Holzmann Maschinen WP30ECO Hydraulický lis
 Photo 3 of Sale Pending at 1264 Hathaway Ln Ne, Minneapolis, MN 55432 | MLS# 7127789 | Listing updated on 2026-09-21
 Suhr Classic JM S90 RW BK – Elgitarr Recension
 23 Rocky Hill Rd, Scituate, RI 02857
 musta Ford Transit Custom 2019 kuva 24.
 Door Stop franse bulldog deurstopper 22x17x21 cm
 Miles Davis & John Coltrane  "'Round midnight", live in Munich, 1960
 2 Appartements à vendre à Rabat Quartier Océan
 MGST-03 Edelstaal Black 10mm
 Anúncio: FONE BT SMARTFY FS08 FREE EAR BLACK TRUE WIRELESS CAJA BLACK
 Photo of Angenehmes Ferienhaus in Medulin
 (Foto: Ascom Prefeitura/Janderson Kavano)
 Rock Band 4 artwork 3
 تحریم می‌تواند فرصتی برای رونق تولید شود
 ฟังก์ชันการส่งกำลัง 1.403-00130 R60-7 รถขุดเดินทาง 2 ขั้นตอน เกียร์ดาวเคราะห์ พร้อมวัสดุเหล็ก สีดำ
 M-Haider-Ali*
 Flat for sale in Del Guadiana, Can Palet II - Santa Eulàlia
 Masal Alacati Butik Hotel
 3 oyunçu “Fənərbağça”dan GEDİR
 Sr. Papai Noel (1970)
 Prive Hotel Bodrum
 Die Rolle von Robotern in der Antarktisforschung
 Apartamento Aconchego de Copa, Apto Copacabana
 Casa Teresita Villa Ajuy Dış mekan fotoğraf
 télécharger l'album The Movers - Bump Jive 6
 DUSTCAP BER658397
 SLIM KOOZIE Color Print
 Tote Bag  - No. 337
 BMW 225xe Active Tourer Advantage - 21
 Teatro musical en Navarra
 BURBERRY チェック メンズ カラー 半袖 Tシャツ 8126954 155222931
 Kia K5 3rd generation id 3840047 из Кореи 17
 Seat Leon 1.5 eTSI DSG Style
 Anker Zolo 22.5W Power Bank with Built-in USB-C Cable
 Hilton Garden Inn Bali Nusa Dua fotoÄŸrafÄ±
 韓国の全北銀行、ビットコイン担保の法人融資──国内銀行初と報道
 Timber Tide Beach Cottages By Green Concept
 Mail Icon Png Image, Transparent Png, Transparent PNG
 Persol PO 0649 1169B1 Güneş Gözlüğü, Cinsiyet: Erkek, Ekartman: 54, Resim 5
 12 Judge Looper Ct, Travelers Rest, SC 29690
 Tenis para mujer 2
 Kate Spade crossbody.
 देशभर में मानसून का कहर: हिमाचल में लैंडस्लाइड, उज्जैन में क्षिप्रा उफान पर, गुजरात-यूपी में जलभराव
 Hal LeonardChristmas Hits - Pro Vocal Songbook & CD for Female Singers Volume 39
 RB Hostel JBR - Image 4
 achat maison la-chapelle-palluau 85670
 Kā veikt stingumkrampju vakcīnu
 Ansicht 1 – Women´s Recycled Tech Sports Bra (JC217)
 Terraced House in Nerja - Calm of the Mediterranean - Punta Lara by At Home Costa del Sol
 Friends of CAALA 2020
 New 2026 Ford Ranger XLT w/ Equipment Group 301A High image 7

■ ■ ■ ■ ■

**Instructions to follow**
Pick out all lines from the data above in which the word "Photo" appears.

**Reply**
 Photo 3 of Sale Pending at 1264 Hathaway Ln Ne, Minneapolis, MN 55432 | MLS# 7127789 | Listing updated on 2026-09-21
 Photo of Angenehmes Ferienhaus in Medulin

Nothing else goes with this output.